Data for this exercise below:
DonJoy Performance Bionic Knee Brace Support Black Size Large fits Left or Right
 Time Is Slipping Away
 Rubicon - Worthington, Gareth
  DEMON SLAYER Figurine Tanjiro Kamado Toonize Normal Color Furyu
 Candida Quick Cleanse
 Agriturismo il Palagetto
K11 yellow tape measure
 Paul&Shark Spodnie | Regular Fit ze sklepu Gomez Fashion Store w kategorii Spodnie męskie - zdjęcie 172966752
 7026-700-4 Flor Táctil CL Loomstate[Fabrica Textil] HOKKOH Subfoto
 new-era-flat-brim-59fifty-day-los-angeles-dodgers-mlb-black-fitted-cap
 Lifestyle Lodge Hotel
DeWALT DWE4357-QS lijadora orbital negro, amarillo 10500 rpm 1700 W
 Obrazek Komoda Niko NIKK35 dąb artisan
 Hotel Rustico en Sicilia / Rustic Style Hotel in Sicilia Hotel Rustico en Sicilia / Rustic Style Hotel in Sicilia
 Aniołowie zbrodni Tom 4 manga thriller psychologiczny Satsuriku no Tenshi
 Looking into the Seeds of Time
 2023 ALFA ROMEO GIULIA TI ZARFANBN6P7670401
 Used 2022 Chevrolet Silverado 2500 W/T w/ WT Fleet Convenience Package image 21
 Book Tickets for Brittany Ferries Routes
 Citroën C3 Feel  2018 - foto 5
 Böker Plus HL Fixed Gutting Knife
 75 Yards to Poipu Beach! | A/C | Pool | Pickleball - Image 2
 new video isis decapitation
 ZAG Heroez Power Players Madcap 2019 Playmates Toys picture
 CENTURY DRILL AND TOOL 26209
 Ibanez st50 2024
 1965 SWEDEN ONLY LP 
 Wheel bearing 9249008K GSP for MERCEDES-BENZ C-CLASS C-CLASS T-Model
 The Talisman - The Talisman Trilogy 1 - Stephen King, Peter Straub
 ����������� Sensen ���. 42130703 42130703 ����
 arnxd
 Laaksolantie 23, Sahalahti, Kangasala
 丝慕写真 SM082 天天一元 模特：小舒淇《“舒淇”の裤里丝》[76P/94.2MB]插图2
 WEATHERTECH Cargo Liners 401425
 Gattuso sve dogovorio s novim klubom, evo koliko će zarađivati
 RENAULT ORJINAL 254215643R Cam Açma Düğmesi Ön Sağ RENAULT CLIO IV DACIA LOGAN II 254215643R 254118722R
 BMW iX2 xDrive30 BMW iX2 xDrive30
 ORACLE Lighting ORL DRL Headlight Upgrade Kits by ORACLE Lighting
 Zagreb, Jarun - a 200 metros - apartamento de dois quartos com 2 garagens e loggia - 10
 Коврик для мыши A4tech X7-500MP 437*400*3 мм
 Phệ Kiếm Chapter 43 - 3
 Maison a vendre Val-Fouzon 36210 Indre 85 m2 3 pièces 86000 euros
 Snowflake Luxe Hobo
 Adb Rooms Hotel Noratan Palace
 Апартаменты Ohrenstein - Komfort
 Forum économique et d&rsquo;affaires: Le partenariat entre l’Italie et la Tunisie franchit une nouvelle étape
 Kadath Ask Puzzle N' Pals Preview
End of Data for this exercise.
Task to carry out -> Word for word, restate the lines of the data above that fall between the line holding "1965 SWEDEN ONLY LP" and the line holding "Forum économique et", inclusive, and no other lines.

Written answer ->
 1965 SWEDEN ONLY LP 
 Wheel bearing 9249008K GSP for MERCEDES-BENZ C-CLASS C-CLASS T-Model
 The Talisman - The Talisman Trilogy 1 - Stephen King, Peter Straub
 ����������� Sensen ���. 42130703 42130703 ����
 arnxd
 Laaksolantie 23, Sahalahti, Kangasala
 丝慕写真 SM082 天天一元 模特：小舒淇《“舒淇”の裤里丝》[76P/94.2MB]插图2
 WEATHERTECH Cargo Liners 401425
 Gattuso sve dogovorio s novim klubom, evo koliko će zarađivati
 RENAULT ORJINAL 254215643R Cam Açma Düğmesi Ön Sağ RENAULT CLIO IV DACIA LOGAN II 254215643R 254118722R
 BMW iX2 xDrive30 BMW iX2 xDrive30
 ORACLE Lighting ORL DRL Headlight Upgrade Kits by ORACLE Lighting
 Zagreb, Jarun - a 200 metros - apartamento de dois quartos com 2 garagens e loggia - 10
 Коврик для мыши A4tech X7-500MP 437*400*3 мм
 Phệ Kiếm Chapter 43 - 3
 Maison a vendre Val-Fouzon 36210 Indre 85 m2 3 pièces 86000 euros
 Snowflake Luxe Hobo
 Adb Rooms Hotel Noratan Palace
 Апартаменты Ohrenstein - Komfort
 Forum économique et d&rsquo;affaires: Le partenariat entre l’Italie et la Tunisie franchit une nouvelle étape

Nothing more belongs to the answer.